5 Questions with ... Allison Benko: Reimagining the ‘Burning of Fairfield’
FAIRFIELD — She was assistant director for Lincoln Center’s Tony Award-winning production of “Oslo,” and has premiered and developed musicals — even an opera.
But Fairfield native Allison Benko, 25, is taking on the local scene with the rewrite of the Fairfield Museum and History Center’s annual “Burning of Fairfield,” the story of the tragic two-day event in 1779. The Tufts University graduate has not only provided a new take on the local tradition, but she has also made it interactive.
During the “Rebels vs. Tories” interactive performance, audience members are invited to hurl insults or compliments, and will learn who took the blame for the ransacking of the Burr Mansion during the British attack, that resulted in the near-total destruction of the town’s center. British troops marched along the beach and headed inland, up what is now known as Beach Road, for the attack on July 7 and 8.
Benko recently answered questions about her role in the new version of the story.
Q: How did you get involved with “Rebels vs. Tories”?
‘Rebels vs. Tories’
Performances are Saturday and Sunday at 1 and 2 p.m.
at the Fairfield Museum and History Center, 370 Beach Road.
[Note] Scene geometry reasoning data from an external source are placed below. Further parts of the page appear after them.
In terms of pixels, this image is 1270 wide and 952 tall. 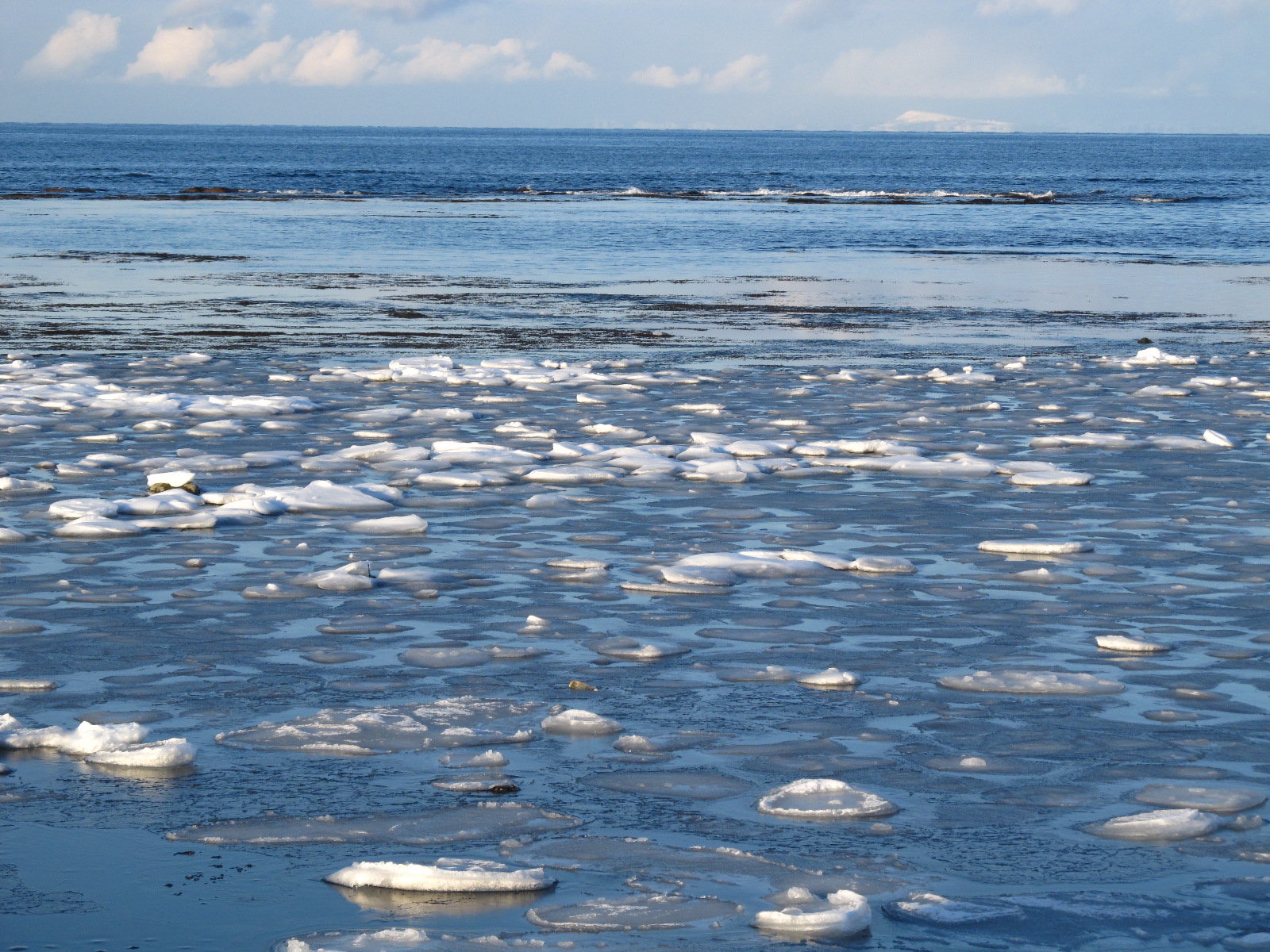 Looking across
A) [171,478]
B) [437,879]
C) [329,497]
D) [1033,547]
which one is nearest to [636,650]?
[437,879]

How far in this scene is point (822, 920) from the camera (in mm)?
3084

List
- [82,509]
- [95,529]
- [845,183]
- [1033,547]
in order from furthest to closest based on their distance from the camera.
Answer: [845,183]
[82,509]
[95,529]
[1033,547]

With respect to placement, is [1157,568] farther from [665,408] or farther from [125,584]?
[665,408]

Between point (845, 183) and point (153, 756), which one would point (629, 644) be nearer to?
point (153, 756)

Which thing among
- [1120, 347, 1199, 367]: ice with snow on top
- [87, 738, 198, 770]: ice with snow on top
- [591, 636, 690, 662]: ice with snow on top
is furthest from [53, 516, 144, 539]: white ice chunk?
[1120, 347, 1199, 367]: ice with snow on top

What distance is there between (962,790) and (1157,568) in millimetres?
2787

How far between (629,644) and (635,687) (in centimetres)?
45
Tickets are $20 for members, $25 for nonmembers
For tickets, visit fairfieldhistory.org/programs-events
A: I’m connected with Fairfield Center Stage, a wonderful community theater group here in Fairfield, currently led by Eli Newsom. They had been discussing with the Fairfield Museum about possibly collaborating on some exciting new programming, among them the outdoor, concert production of “The Music Man” that recently took place on the historic town green. The Fairfield Museum also expressed interest in more heavily theatricalizing its annual “Burning of Fairfield” event. The theater group recommended me as a candidate, and here we are.
Q: How long did it take you to come up with the new script?
A: I was lucky not to be starting from scratch. I had the museum’s original script, plus a number of primary source documents through which I carefully combed. It took some time to curate exactly the right primary sources, and to trim them down for brevity and comprehensibility. But I’m proud to say that the bulk of the piece is collaged from Revolutionary-era letters, testimonies, decrees and other documents.
Q: Why go interactive?
A: There is tremendous power in site-specificity, which more and more theater companies are realizing, what with the popularity of New York productions like “Sleep No More” and “Then She Fell.” But my decision really came down to the fact that we’ll be standing on the actual site where these events took place historically. You can feel the history beneath your feet, and that begs for interactivity.
Q: Does the show work if an audience is shy and doesn’t want to interact?
A: Oh, we’ll take care of that. Some crowds will naturally be easier than others, but the actors will be injecting plenty of energy into the performance. With them carefully guiding the interactions, and given their charisma, I think it’ll be hard for audiences not to engage.
Q: What’s the next project for you?
A: I’ve got so many lined up. Right afterwards, I’m opening “The End of Mermaids” in New York, which will premiere at Corkscrew Festival from July 12 to 22. It’s a weird and wonderful play about a failing mermaid-themed theme park, in which the mermaid performers are also systematically being eaten alive by an alligator named Larry. You can find more information and tickets at corkscrewfestival.org/the-end-of-mermaids.